Let's set up our test parameters. We'll use:
- 1,000,000 total records
- 10,000 records for selection
- 10,000 records for updates
- 10,000 records for deletion

In [25]:
# Test parameters
num_records = 1_000_000  # 1M records
select_range = 10_000    # Select 10K records
update_count = 10_000    # Update 10K records
delete_count = 10_000    # Delete 10K records

## Generate Test Data

Let's generate our test dataset with random records.

In [26]:
print(f"Generating {num_records:,} records...")
data = {
    f"key_{i:08d}": generate_random_record()
    for i in range(num_records)
}
print(f"Generated {len(data):,} records")

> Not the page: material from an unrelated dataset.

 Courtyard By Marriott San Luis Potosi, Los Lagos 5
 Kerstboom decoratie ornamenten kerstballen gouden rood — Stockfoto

Generating 1,000,000 records...
Generated 1,000,000 records


## Performance Tests

Now let's run our performance tests for each operation.

### 1. Save Operation

Test saving the entire dataset to a JSONL file.

In [27]:
print("Testing save operation...")
time_operation("Save", save_jsonl, "perf_test.jsonl", data)

Testing save operation...
Save: 3.557 seconds


### 2. Load Operation

Test loading the entire dataset from the JSONL file.

In [28]:
print("Testing load operation...")
loaded_data = time_operation("Load", load_jsonl, "perf_test.jsonl")
print(f"Loaded {len(loaded_data):,} records")

Testing load operation...
Load: 7.071 seconds
Loaded 1,000,000 records


### 3. Select Operation

Test selecting a range of records from the dataset.

In [29]:
print("Testing select operation...")
start_key = f"key_{random.randint(0, num_records-select_range):08d}"
end_key = f"key_{int(start_key[4:]) + select_range:08d}"
selected = time_operation("Select", select_jsonl, "perf_test.jsonl", (start_key, end_key))
print(f"Selected {len(selected):,} records")

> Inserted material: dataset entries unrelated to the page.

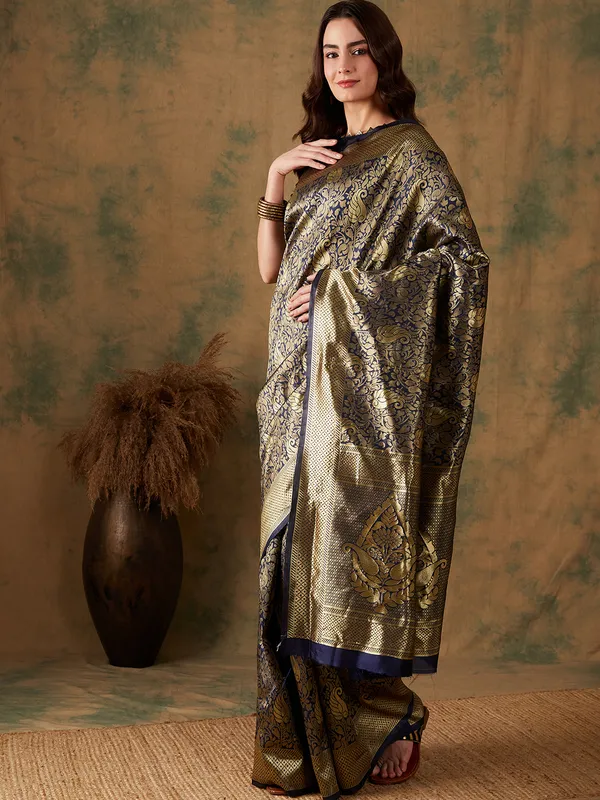 Dark_Blue_Art_Silk_Woven_Banarasi_Saree_With_Unstitched_Blouse_For_Women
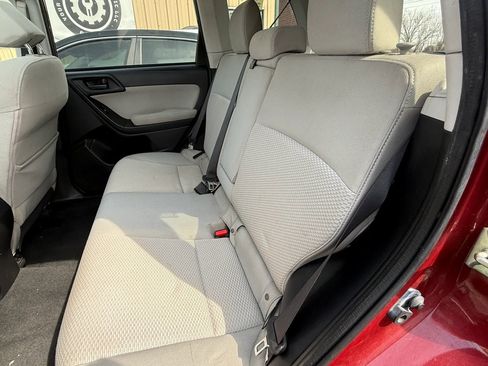 Used 2015 Subaru Forester 2.5i Premium w/ All-Weather Package AWD/4WD image 4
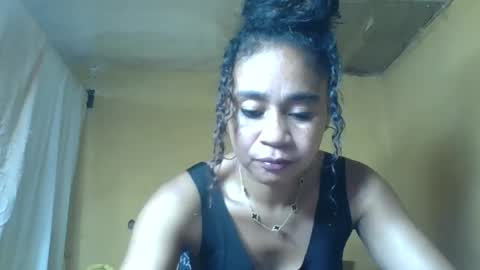 olivia9794 online show from June 22, 4:15 pm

Testing select operation...
Select: 13.457 seconds
Selected 1,000,000 records


### 4. Update Operation

Test updating a subset of records in the dataset.

In [30]:
print("Testing update operation...")
updates = {
    f"key_{random.randint(0, num_records):08d}": generate_random_record()
    for _ in range(update_count)
}
time_operation("Update", update_jsonl, "perf_test.jsonl", updates)

Testing update operation...
Update: 2.458 seconds


### 5. Delete Operation

Test deleting a subset of records from the dataset.

In [31]:
print("Testing delete operation...")
delete_keys = [f"key_{random.randint(0, num_records):08d}" 
              for _ in range(delete_count)]
time_operation("Delete", delete_jsonl, "perf_test.jsonl", delete_keys)

Testing delete operation...
Delete: 23.444 seconds


## Performance Statistics

Let's calculate and display the final statistics.

In [32]:
print("Performance Statistics:")
print("-" * 50)
final_data = load_jsonl("perf_test.jsonl")
print(f"Final record count: {len(final_data):,}")
print(f"Records per operation:")
print(f"- Save: {num_records/1000:.1f}K records")
print(f"- Select: {select_range/1000:.1f}K records")
print(f"- Update: {update_count/1000:.1f}K records")
print(f"- Delete: {delete_count/1000:.1f}K records")

Performance Statistics:
--------------------------------------------------
Final record count: 990,062
Records per operation:
- Save: 1000.0K records
- Select: 10.0K records
- Update: 10.0K records
- Delete: 10.0K records


## Cleanup

Finally, let's clean up our test files.

In [33]:
print("Cleaning up...")
os.remove("perf_test.jsonl")
os.remove("perf_test.jsonl.idx")
print("Done!")

Cleaning up...
Done!